▶ _Task requirements_: In your copy, repeat each record exactly and include no pictures.

▶ _Materials provided_:
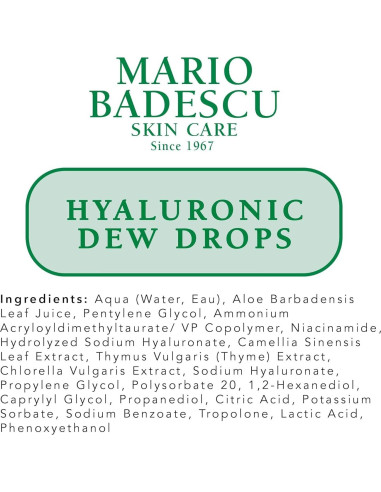 Crema Hidratante Libre de Aceite Mario Badescu 42.5 g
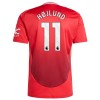 Camiseta de fútbol Manchester United Hojlund 11 1ª equipación 2024-25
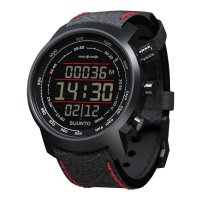 颂拓(SUUNTO)手表 户外运动元素山雄真皮红色男表SS019171000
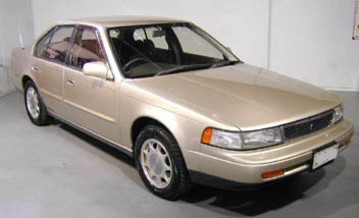 1989 Nissan Maxima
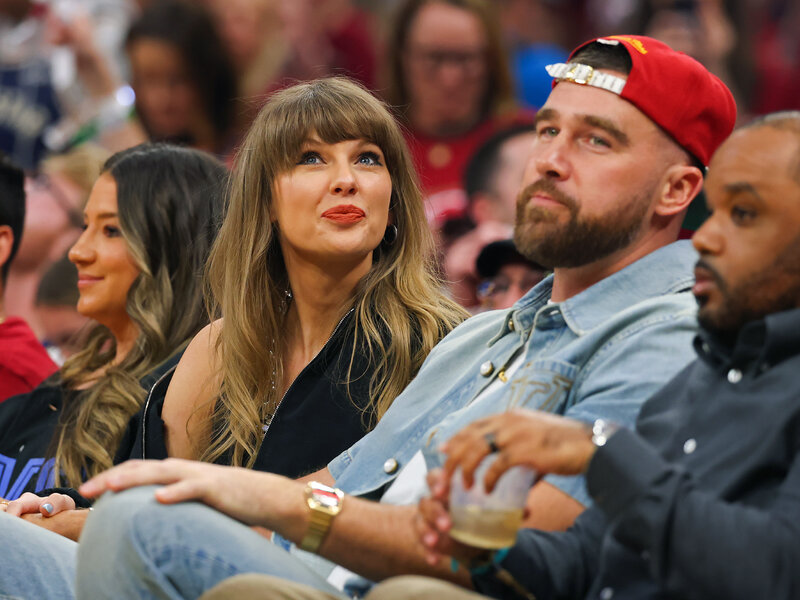 Taylor Swift and Travis Kelce - Madison Square Garden: A Venue That Demands Attention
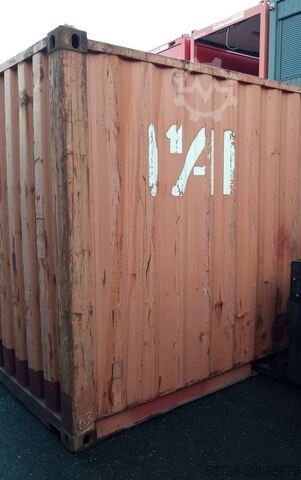 কনটেইনার পরিবহন Materialcontainer 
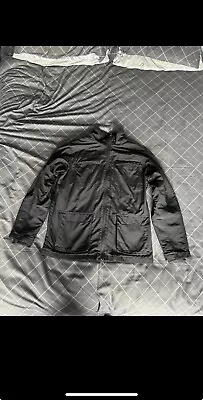 Buy Mens Black Casual Oakley Jacket Coat Size Large  • 50£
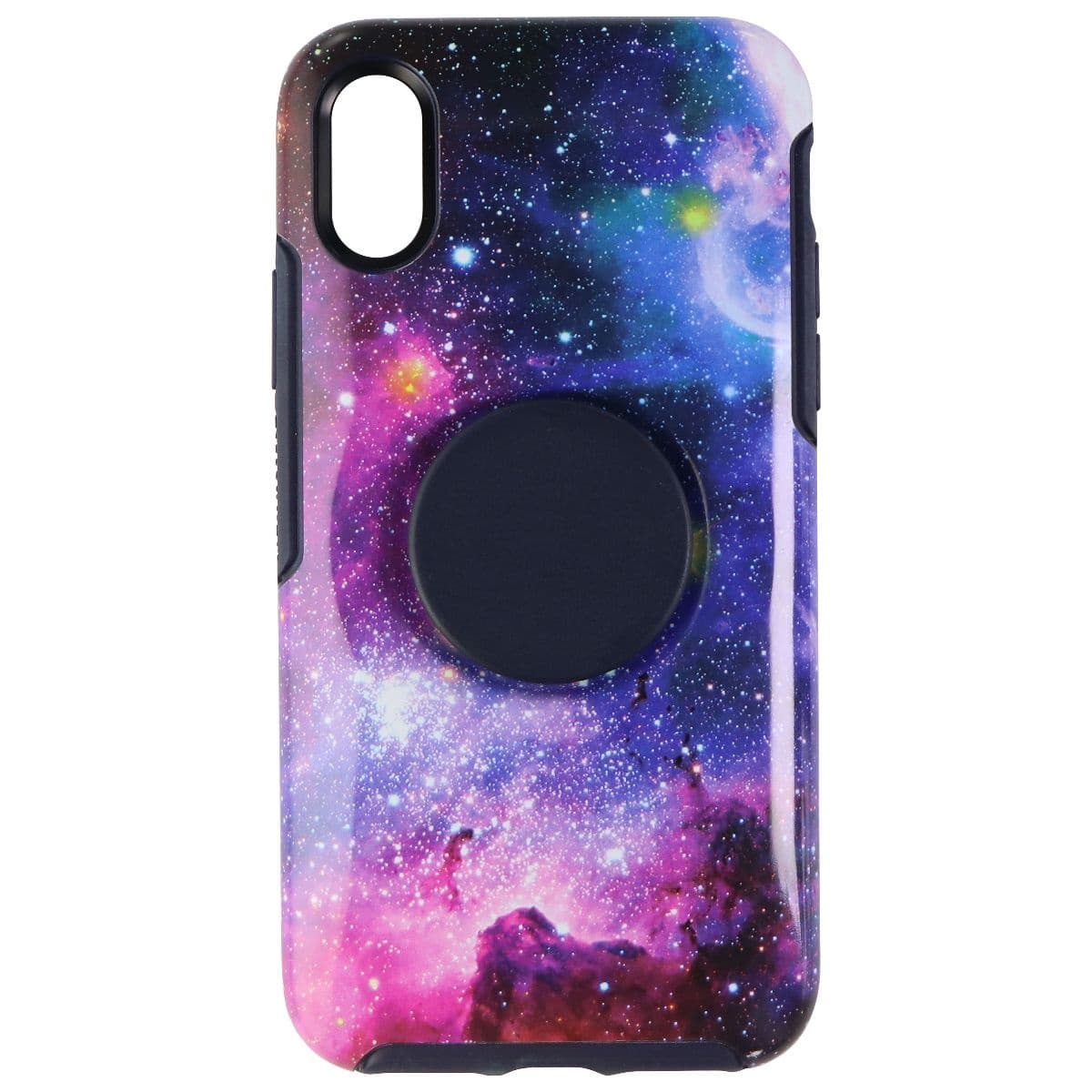 Otter + Pop Symmetry Series Case for Apple iPhone Xs/X - Blue Nebula image 2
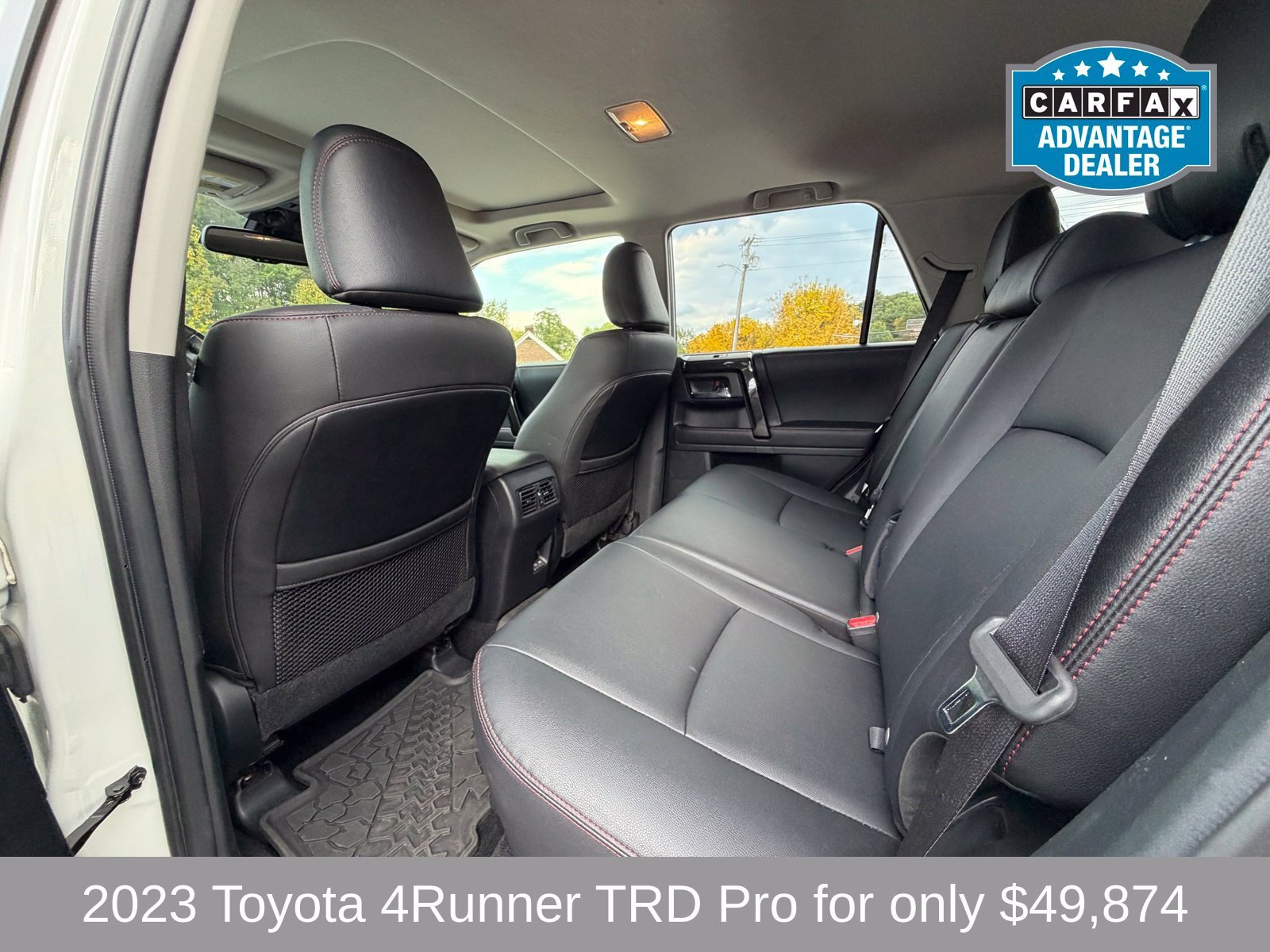 Used 2023 Toyota 4Runner TRD Pro AWD/4WD image 7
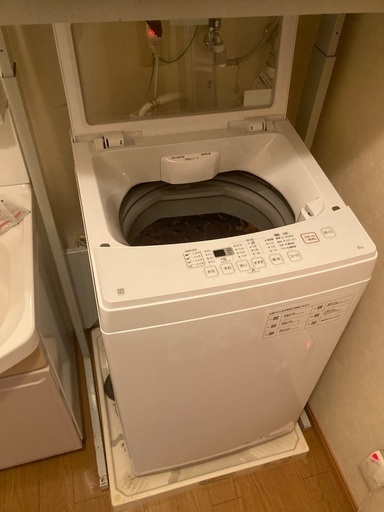 新品同様ニトリの洗濯機6k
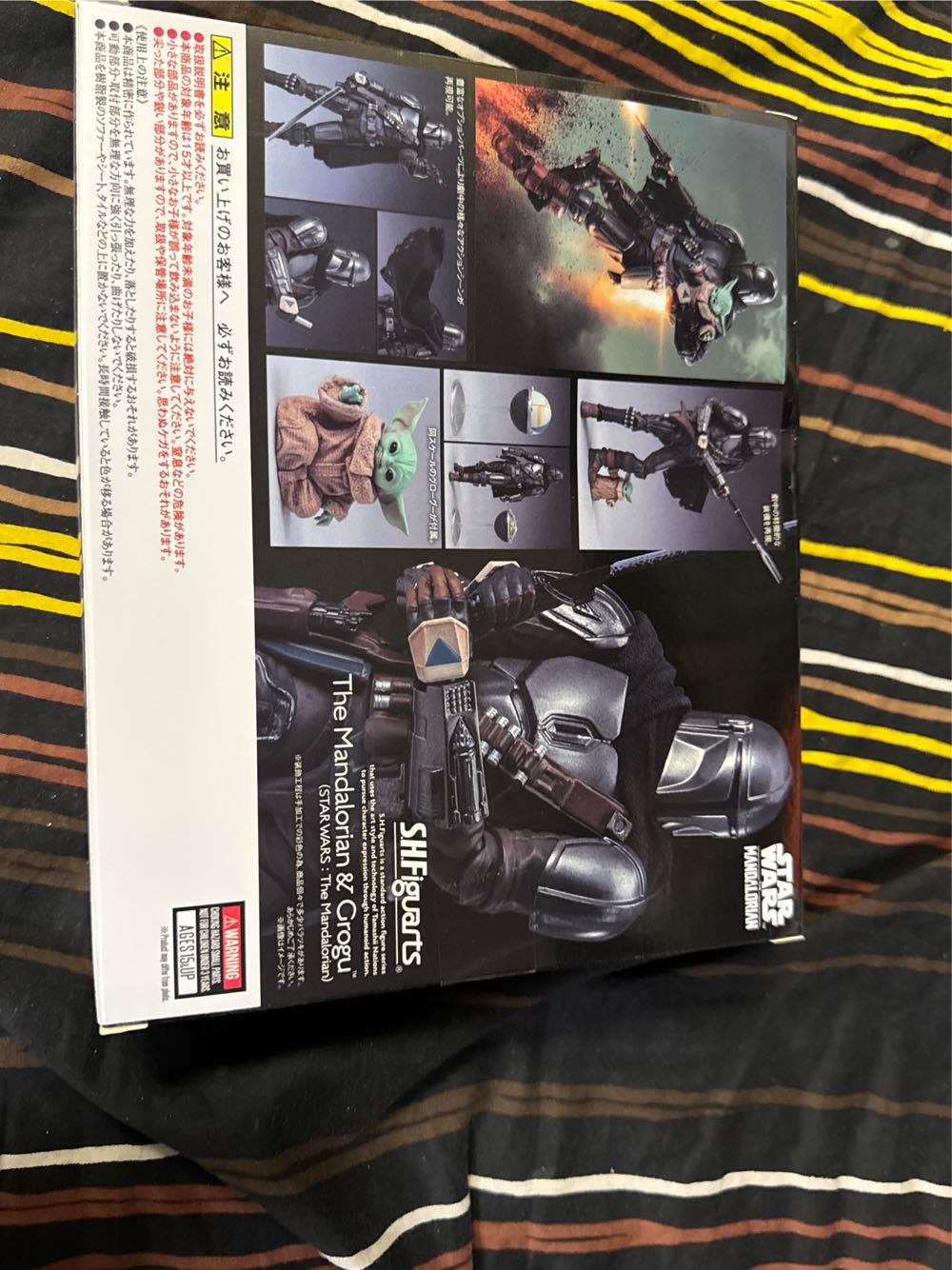 Mandalorian & Grogu The Mandalorian - SH Figuarts / Bandai / Tamashii Nations (The Mandalorian) action figure collectible [Barcode 4573102654960] - Main Image 3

▶ _Answer box_:
 Crema Hidratante Libre de Aceite Mario Badescu 42.5 g
 Camiseta de fútbol Manchester United Hojlund 11 1ª equipación 2024-25
 颂拓(SUUNTO)手表 户外运动元素山雄真皮红色男表SS019171000
 1989 Nissan Maxima
 Taylor Swift and Travis Kelce - Madison Square Garden: A Venue That Demands Attention
 কনটেইনার পরিবহন Materialcontainer 
 Buy Mens Black Casual Oakley Jacket Coat Size Large  • 50£
 Otter + Pop Symmetry Series Case for Apple iPhone Xs/X - Blue Nebula image 2
 Used 2023 Toyota 4Runner TRD Pro AWD/4WD image 7
 新品同様ニトリの洗濯機6k
 Mandalorian & Grogu The Mandalorian - SH Figuarts / Bandai / Tamashii Nations (The Mandalorian) action figure collectible [Barcode 4573102654960] - Main Image 3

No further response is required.